On Tue, Jul 29, 2014 at 10:07:33AM +1000, Dave Chinner wrote:
> On Mon, Jul 28, 2014 at 12:19:25PM -0400, Brian Foster wrote:
> > On Fri, Jul 25, 2014 at 08:41:12AM +1000, Dave Chinner wrote:
> > > On Thu, Jul 24, 2014 at 10:22:58AM -0400, Brian Foster wrote:
> > > > + struct xfs_btree_cur *cur;
> > > > + struct xfs_agi *agi = XFS_BUF_TO_AGI(agbp);
> > > > + xfs_agnumber_t agno =
> > > > be32_to_cpu(agi->agi_seqno);
> > > > + xfs_agino_t previno;
> > > > + int error;
> > > > + int i;
> > > > + struct xfs_inobt_rec_incore rec;
> > > > +
> > > > + orec->ir_startino = NULLAGINO;
> > > > +
> > > > + cur = xfs_inobt_init_cursor(mp, tp, agbp, agno, btnum);
> > > > +
> > > > + previno = newino + count - XFS_INODES_PER_CHUNK;
> > > > + error = xfs_inobt_lookup(cur, previno, XFS_LOOKUP_GE, &i);
> > >
> > > You want XFS_LOOKUP_EQ, yes? i.e. XFS_LOOKUP_GE won't fail if the
> > > exact record for the inode chunk does not exist - it will return the
> > > next one in the btree.
> > >
> > Assuming variable sparse chunk granularity,
> Isn't the granularity fixed for the specific filesystem
> configuration as part of the on-disk format?
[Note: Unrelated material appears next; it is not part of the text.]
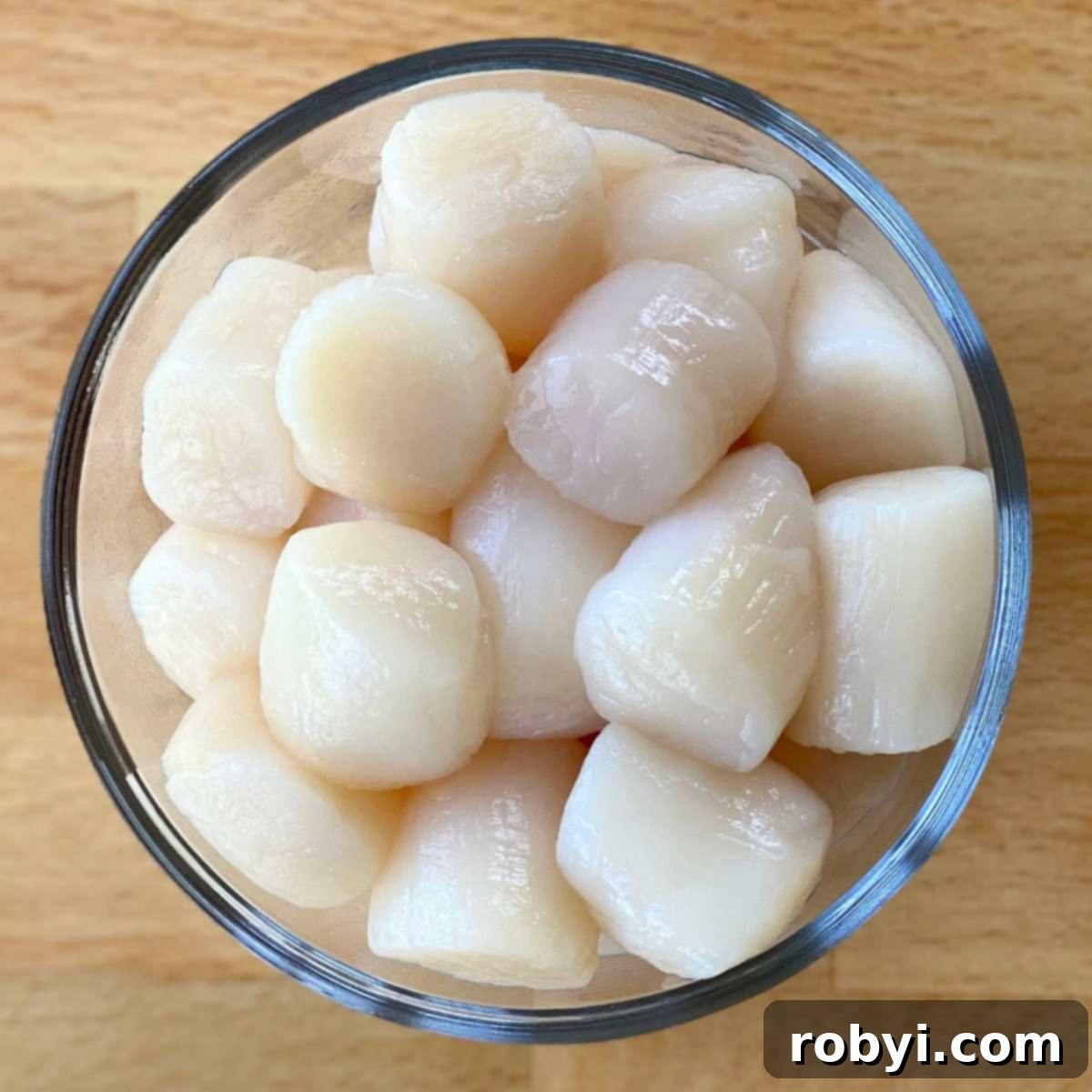 Glass bowl with large uncooked sea scallops in it.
Sort of, but I'm thinking of that as a limitation of the imap code and
such. I'd like to avoid introducing more of such assumptions where
possible in the implementation. That's what I meant before about not
explicitly encoding it. I wanted to use the cluster size (now the
"spinoalignmt") only in the few places that needed the allocation size
and let the rest of the code make no assumptions and work against the
minimum granularity defined by the on-disk format (i.e., inodes per
holemask bit, inodes per record).
The only reason I had to base the sparse alloc. granularity on the
cluster size is so I don't have to go through and figure out how to fix
that inode buffer code as a dependency to get a basic mechanism working.
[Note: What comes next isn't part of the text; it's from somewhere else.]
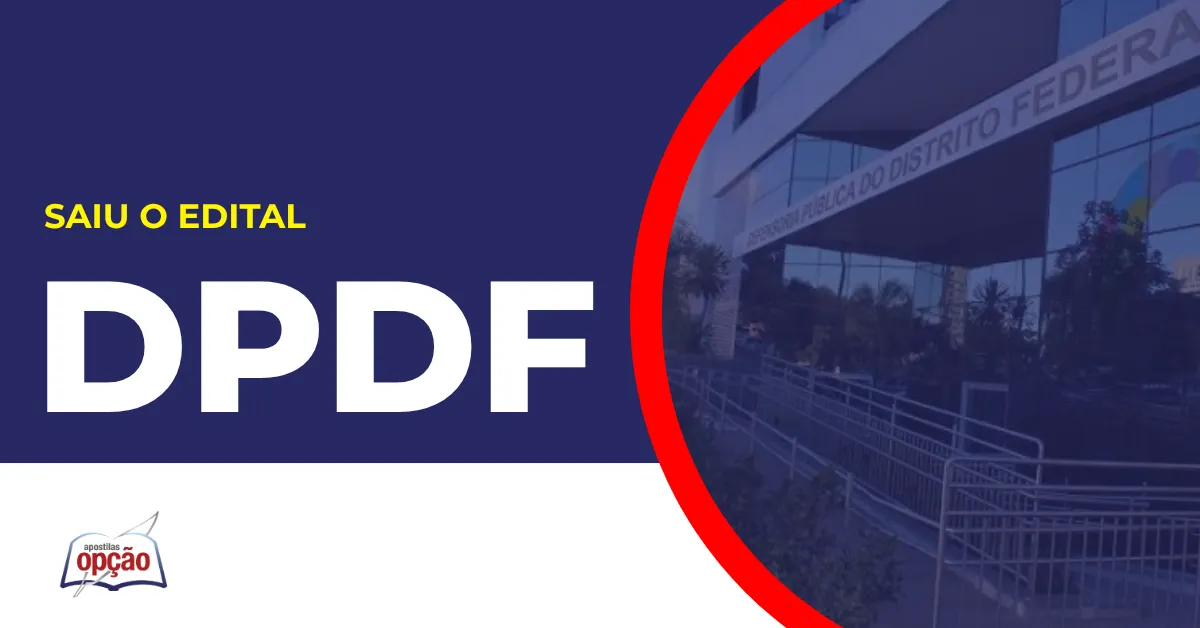 Imagem com fundo azul divulgando o Concurso DPDF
There's also the scenario where if the granularity can end up small
enough, I'm not sure we can reliably calculate the starting inode of a
record (unless we make changes in the allocation path). TBH, even if we
could, I'd rather keep the code flexible and warn/assert/error on the
failed assumption with more information.
> > I don't really know the
> > start ino of the record that potentially covers the new inode chunk.
> > Given that, we use the smallest possible start ino that could include
> > this chunk and search forward from there. As you've noted below, I
> > wasn't relying on failure here to detect the scenario where there is no
> > existing record.
> Ok, that's not how I thought the code was attempting to implement
> the "has record" check. My mistake - a comment explaining how the
> match is supposed to work would be helpful, I think.
Indeed, I'll add a comment with some context.
> However, with that in mind, why do you even bother calculating at
> "previno"? If you want the chunk that the "newino" lies in, then
> by definition it's going to be the first record at an equal or
> lower start inode number than newino. i.e.:
> xfs_inobt_lookup(cur, newino, XFS_LOOKUP_LE, &i);
> Will return either:
> - a match with startino <= newino < startino + XFS_INODES_PER_CHUNK
> - a match with startino + XFS_INODES_PER_CHUNK <= newino
> - a failure due to no record.
> i.e. the first case is the chunk record we want, the others are
> "does not exist" failures. We don't need to calculate the "previno"
> at all.
Yeah, that might be nicer. I'll try the search in the other direction.
> Dave Chinner
> xfs mailing list